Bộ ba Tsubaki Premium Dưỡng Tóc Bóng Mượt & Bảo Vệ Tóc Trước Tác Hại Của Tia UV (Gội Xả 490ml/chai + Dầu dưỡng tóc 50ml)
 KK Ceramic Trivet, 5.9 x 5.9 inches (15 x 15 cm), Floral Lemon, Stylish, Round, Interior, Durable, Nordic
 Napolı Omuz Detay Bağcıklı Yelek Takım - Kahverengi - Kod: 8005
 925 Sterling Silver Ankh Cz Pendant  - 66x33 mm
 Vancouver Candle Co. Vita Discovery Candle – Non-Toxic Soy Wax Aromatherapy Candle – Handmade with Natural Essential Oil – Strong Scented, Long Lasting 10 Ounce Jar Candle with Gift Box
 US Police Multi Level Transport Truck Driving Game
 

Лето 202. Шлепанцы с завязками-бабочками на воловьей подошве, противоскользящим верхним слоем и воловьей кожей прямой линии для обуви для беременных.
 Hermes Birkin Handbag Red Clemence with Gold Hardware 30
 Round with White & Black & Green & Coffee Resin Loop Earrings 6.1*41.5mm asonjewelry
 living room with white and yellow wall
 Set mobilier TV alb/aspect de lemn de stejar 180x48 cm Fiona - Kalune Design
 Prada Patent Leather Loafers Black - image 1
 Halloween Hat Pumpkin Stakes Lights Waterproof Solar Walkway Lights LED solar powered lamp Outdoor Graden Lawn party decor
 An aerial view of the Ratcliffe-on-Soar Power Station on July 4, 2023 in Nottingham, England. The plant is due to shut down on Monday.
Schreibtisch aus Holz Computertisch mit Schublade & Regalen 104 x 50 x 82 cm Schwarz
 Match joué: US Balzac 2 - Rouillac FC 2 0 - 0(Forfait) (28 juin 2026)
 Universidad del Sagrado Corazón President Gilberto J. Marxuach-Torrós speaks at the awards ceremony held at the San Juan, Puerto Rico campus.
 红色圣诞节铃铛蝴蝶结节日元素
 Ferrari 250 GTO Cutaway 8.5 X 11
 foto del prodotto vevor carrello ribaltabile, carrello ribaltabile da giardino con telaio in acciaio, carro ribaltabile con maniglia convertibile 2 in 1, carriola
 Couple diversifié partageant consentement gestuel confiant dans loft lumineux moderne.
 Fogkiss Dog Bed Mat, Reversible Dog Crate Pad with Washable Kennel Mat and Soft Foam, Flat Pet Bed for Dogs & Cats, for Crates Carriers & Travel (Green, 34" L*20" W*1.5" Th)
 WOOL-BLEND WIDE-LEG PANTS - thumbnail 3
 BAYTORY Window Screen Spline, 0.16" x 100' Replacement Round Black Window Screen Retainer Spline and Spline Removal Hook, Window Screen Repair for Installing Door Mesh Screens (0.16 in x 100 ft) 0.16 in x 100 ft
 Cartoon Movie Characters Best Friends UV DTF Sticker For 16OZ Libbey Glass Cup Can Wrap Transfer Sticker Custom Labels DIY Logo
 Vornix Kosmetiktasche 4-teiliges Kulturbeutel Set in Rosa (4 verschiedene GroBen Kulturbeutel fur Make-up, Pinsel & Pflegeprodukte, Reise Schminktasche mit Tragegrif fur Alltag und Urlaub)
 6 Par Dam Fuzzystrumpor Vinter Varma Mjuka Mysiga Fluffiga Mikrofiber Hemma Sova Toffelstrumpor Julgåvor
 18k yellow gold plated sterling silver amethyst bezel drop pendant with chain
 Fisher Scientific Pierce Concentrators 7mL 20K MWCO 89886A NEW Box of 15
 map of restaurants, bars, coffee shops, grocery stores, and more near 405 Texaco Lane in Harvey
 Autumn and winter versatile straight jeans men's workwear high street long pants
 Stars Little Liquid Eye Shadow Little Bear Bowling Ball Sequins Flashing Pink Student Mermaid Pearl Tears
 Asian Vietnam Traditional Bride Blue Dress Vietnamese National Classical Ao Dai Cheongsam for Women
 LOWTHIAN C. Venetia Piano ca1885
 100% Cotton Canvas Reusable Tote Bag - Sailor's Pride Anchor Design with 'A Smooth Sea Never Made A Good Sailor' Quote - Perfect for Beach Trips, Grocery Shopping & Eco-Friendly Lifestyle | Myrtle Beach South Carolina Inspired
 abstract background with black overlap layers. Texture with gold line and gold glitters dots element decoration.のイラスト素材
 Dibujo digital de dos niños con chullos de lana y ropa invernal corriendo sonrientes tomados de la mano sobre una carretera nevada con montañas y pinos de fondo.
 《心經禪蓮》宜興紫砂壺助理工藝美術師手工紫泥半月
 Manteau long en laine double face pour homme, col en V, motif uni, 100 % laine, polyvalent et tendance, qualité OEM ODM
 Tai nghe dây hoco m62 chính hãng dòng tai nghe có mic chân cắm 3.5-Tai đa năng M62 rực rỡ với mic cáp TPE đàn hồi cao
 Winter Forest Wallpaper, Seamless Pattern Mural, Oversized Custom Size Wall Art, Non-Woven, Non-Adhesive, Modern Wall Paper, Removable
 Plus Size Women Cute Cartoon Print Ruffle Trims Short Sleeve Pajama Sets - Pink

****

How to complete this task » Look above for the line with "Vancouver Candle Co." and the line with "Halloween Hat Pumpkin", and reproduce exactly those two lines plus every line between, nothing more.

Answer area »
 Vancouver Candle Co. Vita Discovery Candle – Non-Toxic Soy Wax Aromatherapy Candle – Handmade with Natural Essential Oil – Strong Scented, Long Lasting 10 Ounce Jar Candle with Gift Box
 US Police Multi Level Transport Truck Driving Game
 

Лето 202. Шлепанцы с завязками-бабочками на воловьей подошве, противоскользящим верхним слоем и воловьей кожей прямой линии для обуви для беременных.
 Hermes Birkin Handbag Red Clemence with Gold Hardware 30
 Round with White & Black & Green & Coffee Resin Loop Earrings 6.1*41.5mm asonjewelry
 living room with white and yellow wall
 Set mobilier TV alb/aspect de lemn de stejar 180x48 cm Fiona - Kalune Design
 Prada Patent Leather Loafers Black - image 1
 Halloween Hat Pumpkin Stakes Lights Waterproof Solar Walkway Lights LED solar powered lamp Outdoor Graden Lawn party decor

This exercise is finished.